What qualities should I avoid in my first hire?
- Someone you don’t trust
This might seem like an obvious thing to avoid, but it’s a sneaky one. Let me explain. Hiring managers obviously never intentionally hire someone they don’t trust, but distrust can come out in lots of ways. It can be a micromanagement of duties, a constant questioning of decision-making, or even a lack of follow-through on what your marketer says you should or shouldn’t do. As a business owner, you don’t have time for that. This might sound harsh, but if you don’t trust the employee you hire, you should fire them. Both of you will ultimately be happier for it.
- Someone who can “do everything”
There is no “one size fits all,” and you should not hire like there is. If you have a multitude of needs from a marketer, that’s fine. You can reasonably expect someone to be able to have two different skills, like graphic design and video editing. You might even find someone with three similar skills, like copy writing, SEO, and social media experience. BUT that’s it. Also, not every skill goes together. Good luck finding someone who is good at graphic design, and SEO, and campaign strategy, and editing. It’s not going to happen. So don’t expect to hire someone who’s going to be able to do everything, because they won’t be able to—or at least won’t be able to do all of it well.
- The cheapest option
If you hire someone for cheap, you’ll experience why they’re cheap. For your first hire, you will want to hire someone who has at least a little bit of experience, and you may want to hire a seasoned professional, depending on your needs. Hiring someone with experience has a price tag that is well earned. You will literally get what you pay for. Respect the job as much as you would a technician or a sales person, and you will find a quality hire.

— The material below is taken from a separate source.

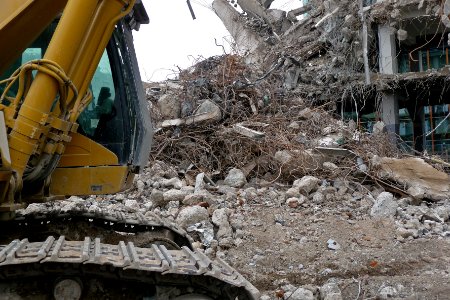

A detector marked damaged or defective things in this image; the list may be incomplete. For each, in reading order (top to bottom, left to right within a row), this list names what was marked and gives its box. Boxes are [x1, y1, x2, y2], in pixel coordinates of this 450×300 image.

broken concrete slab [372, 157, 450, 202]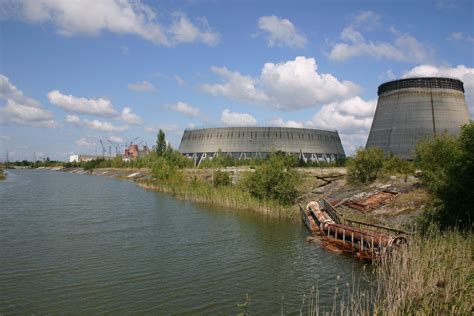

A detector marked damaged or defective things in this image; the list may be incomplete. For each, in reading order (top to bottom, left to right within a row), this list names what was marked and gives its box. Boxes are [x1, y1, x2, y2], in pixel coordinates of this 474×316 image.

rusty boat [302, 200, 410, 260]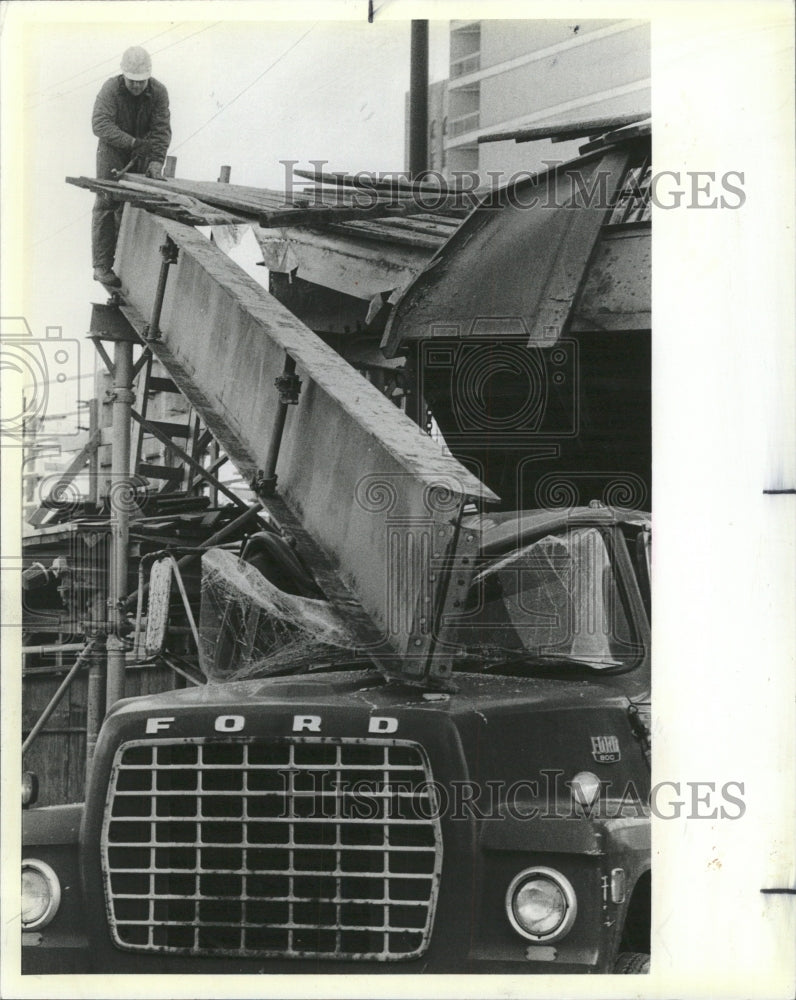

Something else to consider: As an MSP, you are essentially a contractor to SMBs. If you’re nervous about taking the plunge with a full-time employee on the tech side, do the same with marketing. Hire someone to start as a contractor, and make sure they’re a good company fit, that you have all the right needs that correspond with their skills, and that you are both happy with the outcome. This can sometimes help ease you into a hire in an industry that you’re not as familiar with.
At the end of the day, something is better than nothing. If you’ve clearly identified your need, the scope of work a marketer would fill, and you’re on your incline of business growth, then it’s time. Don’t let the unknown scare you off, because making your first marketing hire will be a breeze if you consider these tips.